All help appreciated, thanks xxx


----------



## thespouses (Jan 5, 2006)

Does she not have a picture book of her life before she came to you? I thought that was the usual way that people could personalise children's stories and explain where they came from (that's what we'll plan to do).


----------



## chickadeedee (Nov 19, 2010)

Hi thespouses, thanks for replying.
She went to live with her foster carers at 5 months old, then she lived with them for 19 months before she came to us at 2. We have only just been given her life story book, which had quite a lot of information that we didn't know already. Like what time of day she was born and how much she weighed, I need to get over my anger and disappointment that the foster mum only just gave me/us that info. She also had a picture of her taken when she was 4 weeks old. Previously she'd said the youngest she had pictures was 5 months when she moved to them. 

Our situation is very frustrating, we have fallen out with the foster carers mainly because they couldn't let her go. They wanted to keep her but never looked into it formally and used us to vent their grief, very hard to cope with. 

Anyway, that's all in the past, we need to find a way of telling her that she's (soon to be) adopted. The book the foster carers will help but sadly leaves a lot of gaps and I don't think it totally enables us to do the job properly.

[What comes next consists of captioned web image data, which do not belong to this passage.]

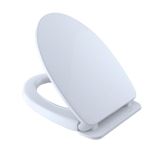 TOTO SS124-01 Toilet Seat in Cotton White
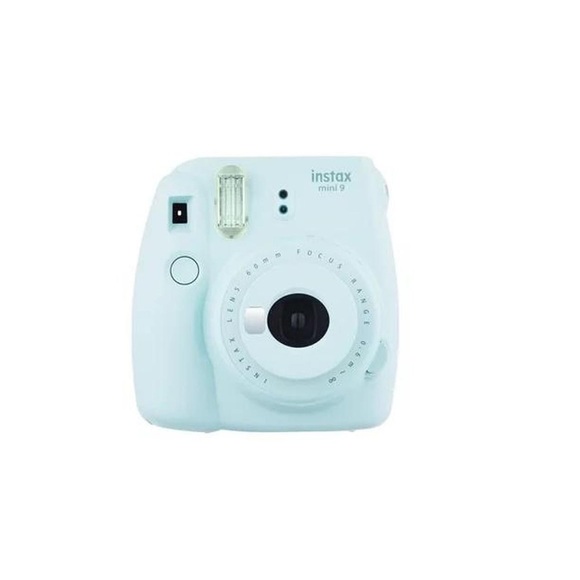 INSTAX MINI 9 MINT GREEN POLAROID CAMERA - Picture 2 of 4
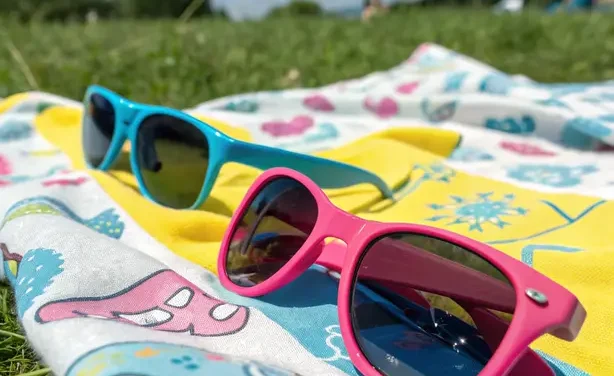Kids Polarized Sunglasses: Fun Colors with Serious Protection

The social workers recommend BAAF books we can buy from Amazon but which ones?? Can't afford to spend a fortune buying them all to discover they don't fit the bill.

Chick x


----------



## wynnster (Jun 6, 2003)

Hi

I would certainly make sure she has a lifestory book that she can refer to whenever she needs to, ds received his when he was 2ish but it was not suitable at all, so, we used the photo's and created one ourselves.  As well as his lifestory book ds has other books which refer to adoption, Todd Parr's 'We belong together' is a good one, its lovely and bright and a good read. He also has 'I am adopted' which is a nice little book that says that adoption means belonging and 'A blessing from above', he has others too but these seem to be his favourites. 
You can always order these from your library (or AUK's lending library if you're a member) and see which ones are more suitable for you before you buy but if I was you I would concentrate on her lifestory book as she will be able to relate that to herself. 

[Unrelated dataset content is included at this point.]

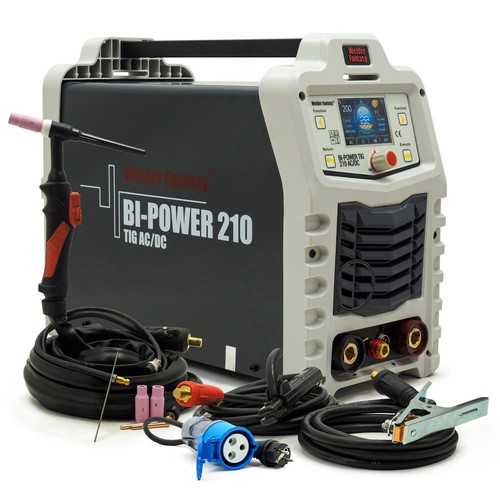 Power tig wig - ac/dc, puls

Good luck, it won't be easy on you to share this with her at this late stage   

xxx


----------



## Ruthiebabe (Dec 15, 2003)

Hi,

Just wanted to say that if your dd is anything like my boys she will take this in her stride. She won't have any real idea what it means, and may not want to chat about it in any great detail the first time u bring it up, but now is definitely the time to start telling her about it. We just started it with there being 2 very important jobs a mummy does for a baby, grow in her tummy, but most importantly to take good care of them. And that bm did one job, but wasn't able to do the second one, which is why you came to live with me. 

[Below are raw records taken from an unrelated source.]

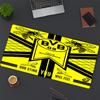Borussia Dortmund Print Mauspads, für Tastaturpad Laptop PC Matte für Büro Heimgebrauch, Schreibtischdekoration, Perfektes Geburtstagsgeschenk für Gamer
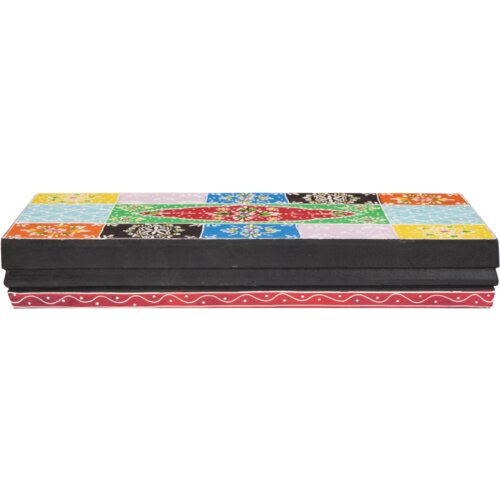  Zidne police 2 kom 40x20x6 cm čvrsto drvo mango Slike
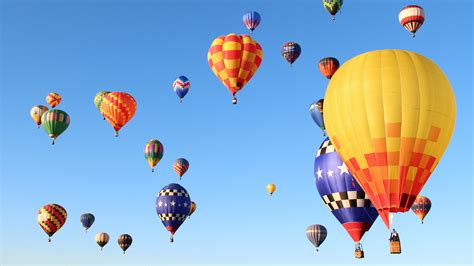 For Albuquerque S Balloon Fiesta More Than 500 Hot Air Balloons Fill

I guess what I am trying to say is, in my experience, the "conversation" will be a lot less involved and emotional than you might fear. 
Good luck xxxx


----------



## cindyp (Apr 7, 2003)

I have to agree with Ruthie, I don't think it will be as emotional as you fear.  My daughter and I often go through her life story book.  Yet despite this according to her "I bought her from a shop".  She knows that she is adopted but she is too young to understand fully what it means.  However I believe that by giving her the facts now it will be a lot easier for her when she is old enough to understand what it really means to be adopted.  We also occasionally read books, A Blessing from Above and A Koala for Katie.


----------



## thespouses (Jan 5, 2006)

We borrowed a few of the BAAF books from the library when we were doing our prep. They won't be suitable for our situation but there are often some in the library to try out.


----------



## reb363 (Mar 1, 2009)

I'm not sure if this is helpful really and you've probably come across it ...but my best friend is adopted and I've known her for 38 years since we became friends at school. She used to have a little poem that her Mum gave her that said: "Never forget for a single minute, you didn't grow under my heart but in it". I thought it was really beautiful then and I still remember it now.


----------



## Daizy (Feb 25, 2011)

Hey chickadeedee,
It’s a shame you’re being pressured into this, particularly when you’re still in a soon to be adopted situation. There’s no way of anticipating what she might ask, so do the social workers expect you to lie to her if she asks about forever? Or do they think it’s a good idea to have you try to explain the legal situation to her? Can’t help but think it’s a case of them saying “okay, text book says that now she’s x age, she’s ready to be told”.
I can’t offer any advice, you know your daughter best (and of course there aren’t actually any hard and fast rules about how and when to tell, even the so called experts differ greatly in their opinion on what age and how a child should be told). I plan to take on board expert advice and tailor it to suit our daughter; it certainly won’t though be a case of she’s now this age so she’s ready. Kids are all so different. 
Sorry I haven’t been very helpful, I read and felt for you so just wanted to reply to wish you well. 
D x


----------